▶ PROVIDED ENTRIES:
━━━━

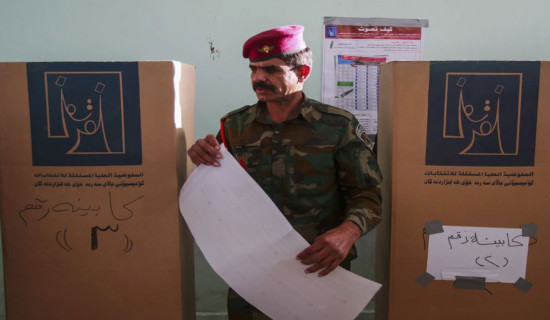 इराकी सुरक्षाकर्मीहरू १० वर्षपछि मतदान गर्दै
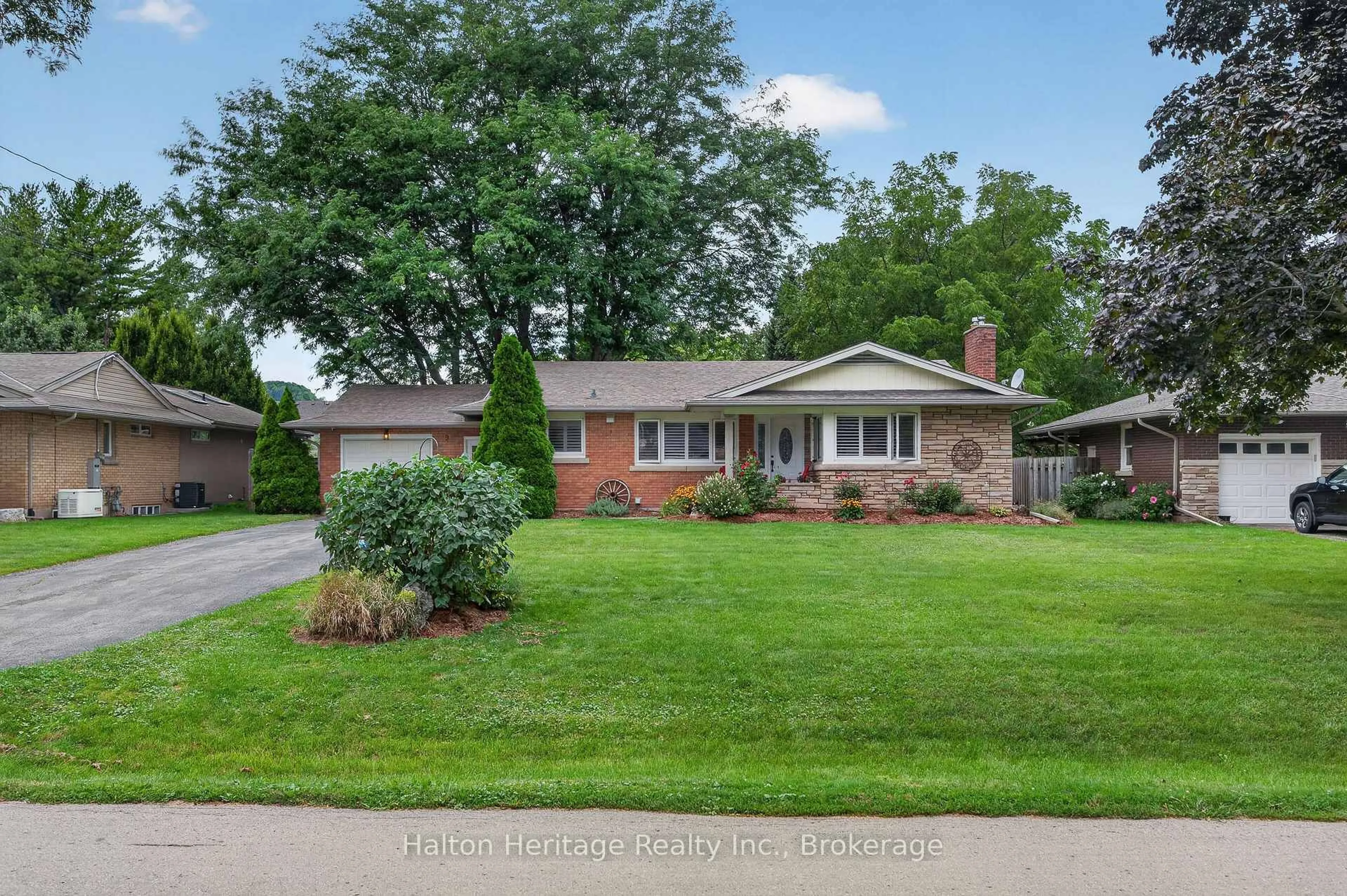 Home with brick exterior material, street for 9 Strathearn Ave, Grimsby Ontario L3M 3A5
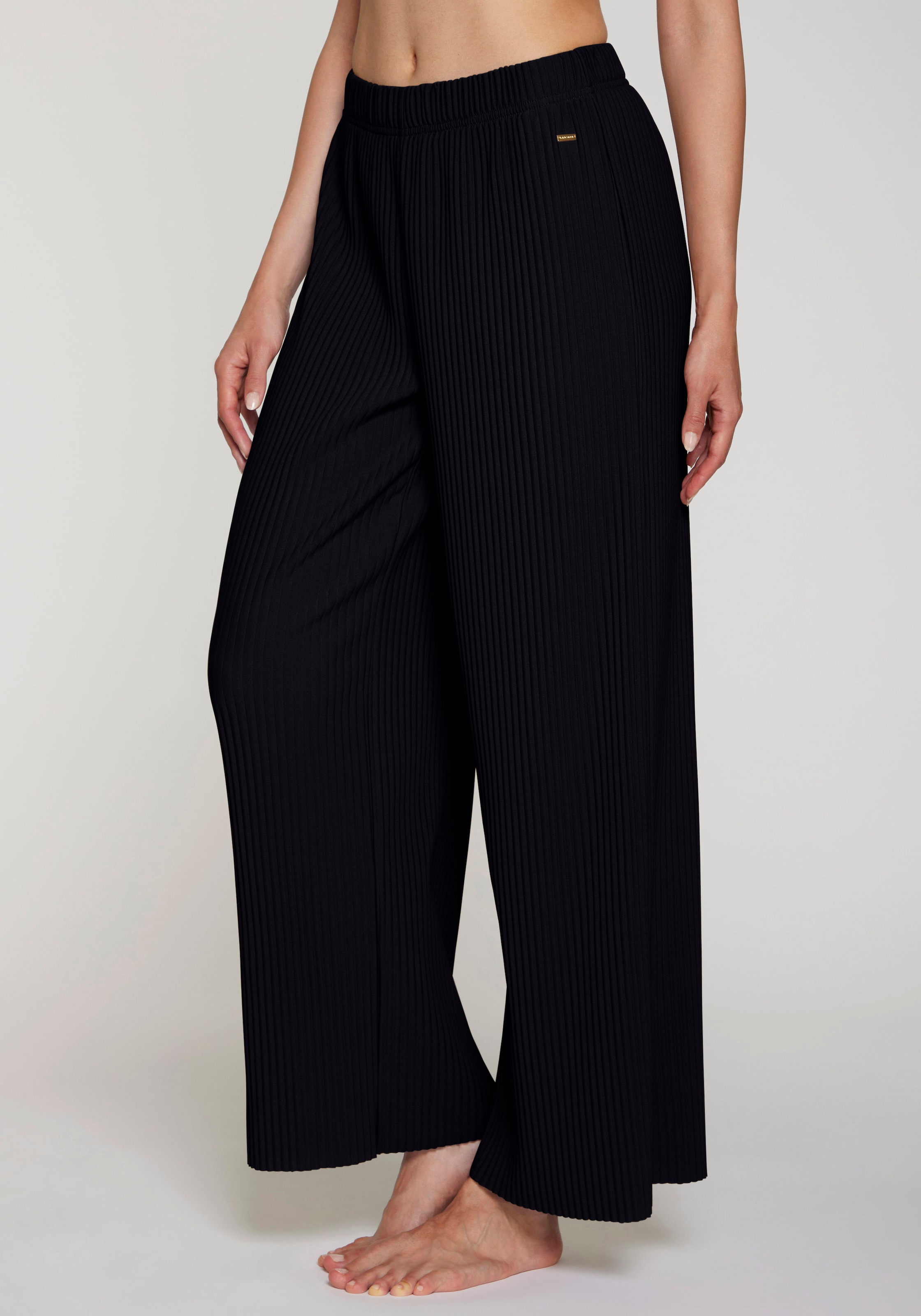 LASCANA Schlupfhose, in Plisseestruktur günstig online kaufen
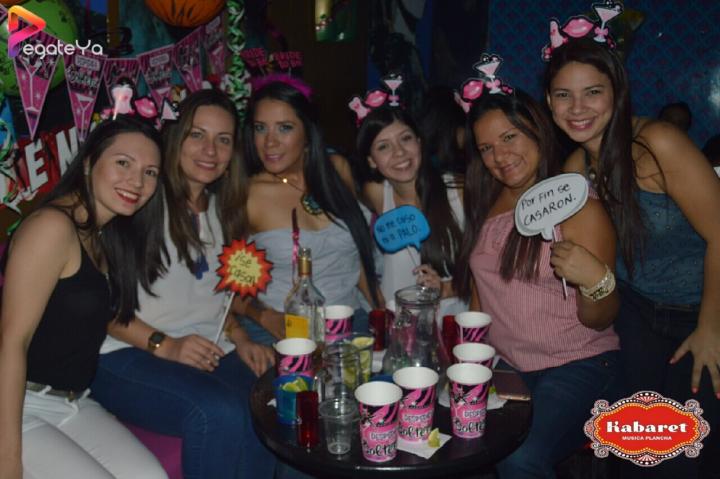 Foto 14 de Kabaret Bar - 3er Fds Dic. 2016 en Kabaret - Granada, Cali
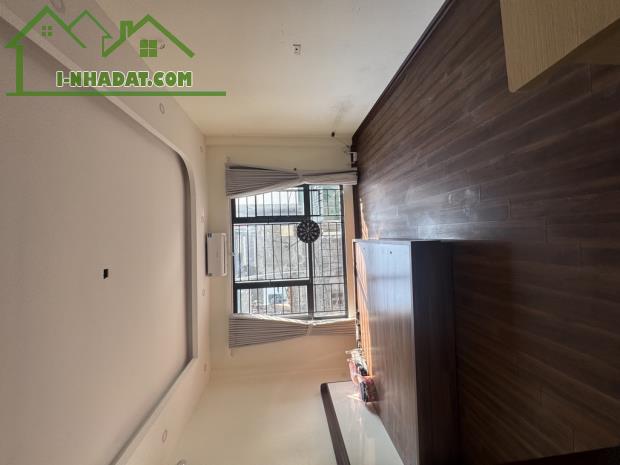HIẾM- THOÁNG - Ô TÔ ĐỖ CỬA -FULL NỘI THẤT - 30m*5 -Ở SƯỚNG- bán NHÀ PHÚC LỢI LONG BIÊN - 2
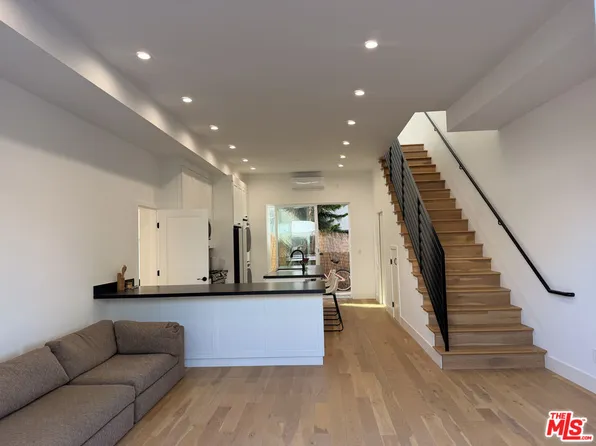 3989 1/2 Beethoven St, Los Angeles, CA 90066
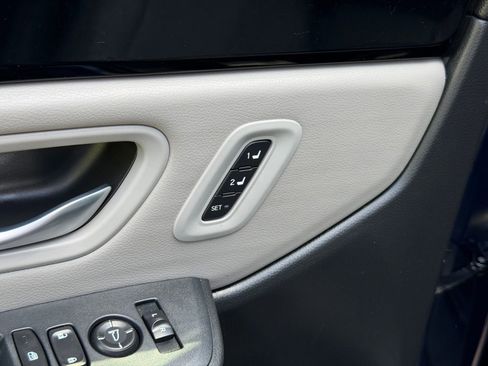Used 2025 Honda Pilot EX-L image 15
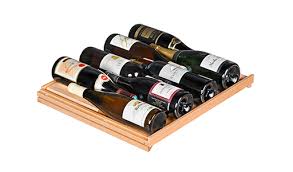 La cave à vin traditionnelle est en effet constituée de rangements en bois. L Importance Des Clayettes Artevino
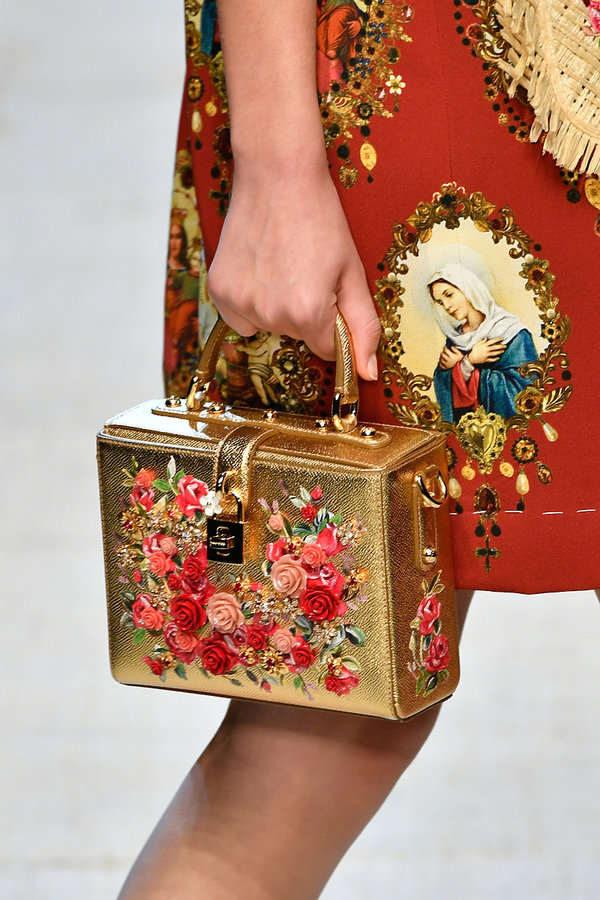 torba-dolce-gabbana-na-wiosne-2017-380873-GALLERY600-c67a1b1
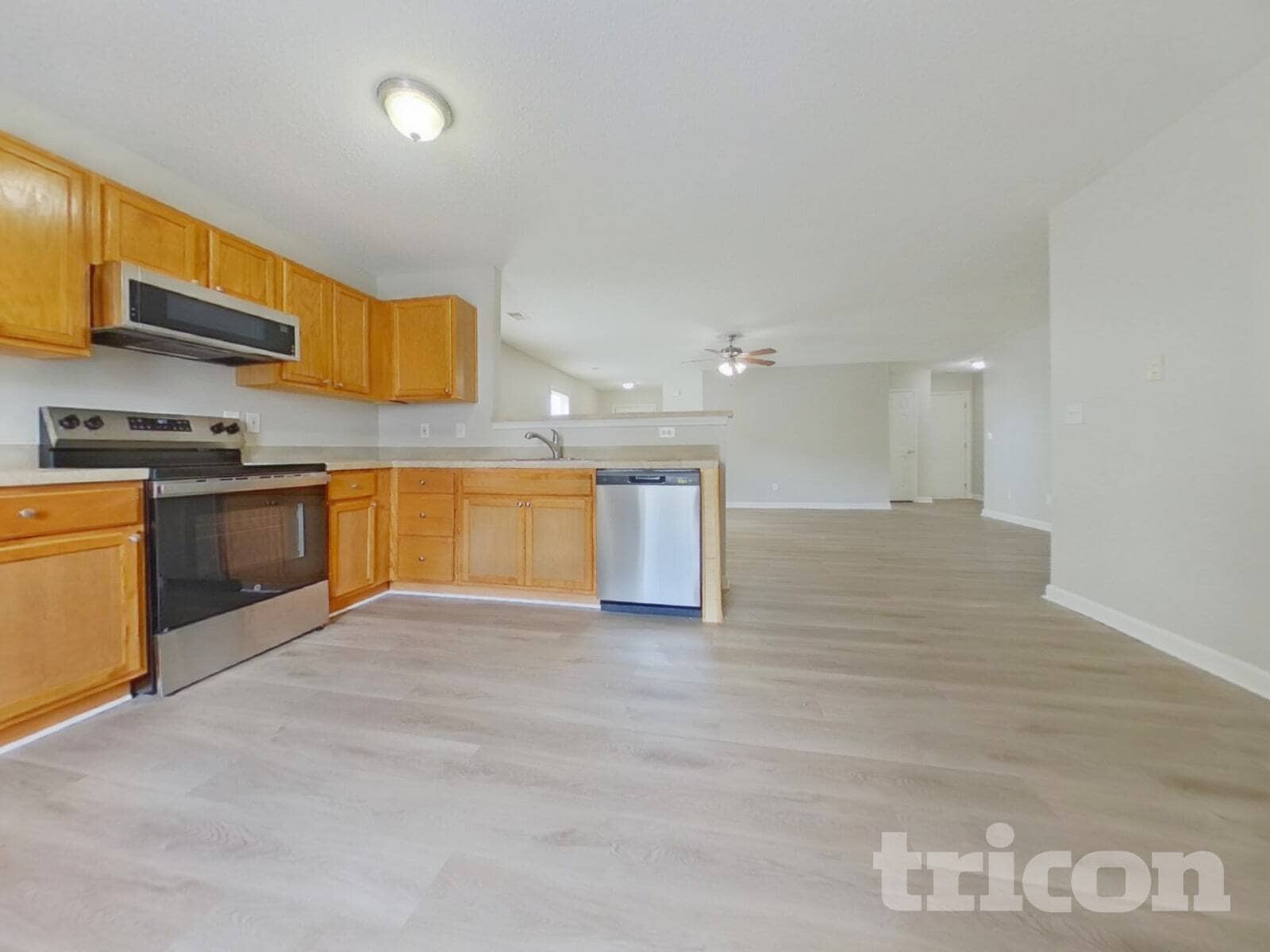 Building Photo - 404 Castle Ridge Dr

━━━━

▶ BRIEF:
Please print exactly the lines from the one holding "LASCANA Schlupfhose, in" through the final line of the data above, including both, and skip all pictures.

▶ FINAL ANSWER:
 LASCANA Schlupfhose, in Plisseestruktur günstig online kaufen
 Foto 14 de Kabaret Bar - 3er Fds Dic. 2016 en Kabaret - Granada, Cali
HIẾM- THOÁNG - Ô TÔ ĐỖ CỬA -FULL NỘI THẤT - 30m*5 -Ở SƯỚNG- bán NHÀ PHÚC LỢI LONG BIÊN - 2
 3989 1/2 Beethoven St, Los Angeles, CA 90066
Used 2025 Honda Pilot EX-L image 15
 La cave à vin traditionnelle est en effet constituée de rangements en bois. L Importance Des Clayettes Artevino
 torba-dolce-gabbana-na-wiosne-2017-380873-GALLERY600-c67a1b1
 Building Photo - 404 Castle Ridge Dr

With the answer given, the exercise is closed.